This is why he advocates: "Smart risk management, true diversification and ongoing monitoring and oversight are likely to provide smoother long-term returns that build trust and limit the drag effect of excess volatility."

"Most members will look at returns and little else", comments Graham Peacock, managing director of the Salvus Master Trust. 

"People bandy around 'lifestyle', 'target' and 'date' and 'de-risking' terms but good, solid returns, in a controlled risk environment is what most members want."

He adds: "Diversification for the sake of it is not a good thing, as it can dilute investment returns, but if a lack of diversification misses out on investment opportunities or increases risk, then not having enough diversification is wrong."

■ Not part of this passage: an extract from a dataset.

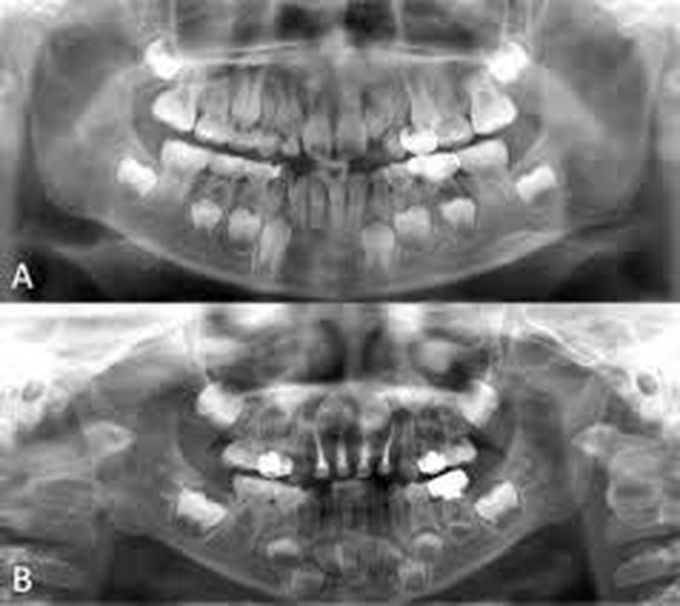 Hyperhypodontia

For this reason, he says getting the right level of risk and return is what a provider should focus on, by looking at modern portfolio construction theory, and allowing the manager to adapt it to changing market conditions where necessary.

Segmentation

The automatic nature of such workplace pensions means the due diligence around scheme and fund selection has to be "spot-on", says Andy Agathangelou, founding chairman of the Transparency Task Force.

He says this is important because there is "typically zero" input from the ultimate client when it comes to fund choice.

He explains: "The member is absolutely reliant on the decision of others, so duty of care must be paramount."

Yet according to Sackers' Ms Baker, it is tricky to assess whether a default fund is appropriate for a particular workforce.

This is especially in the context of the "new world of pension freedoms", and because of this complexity, she says there has been an increase in the use of multiple default funds.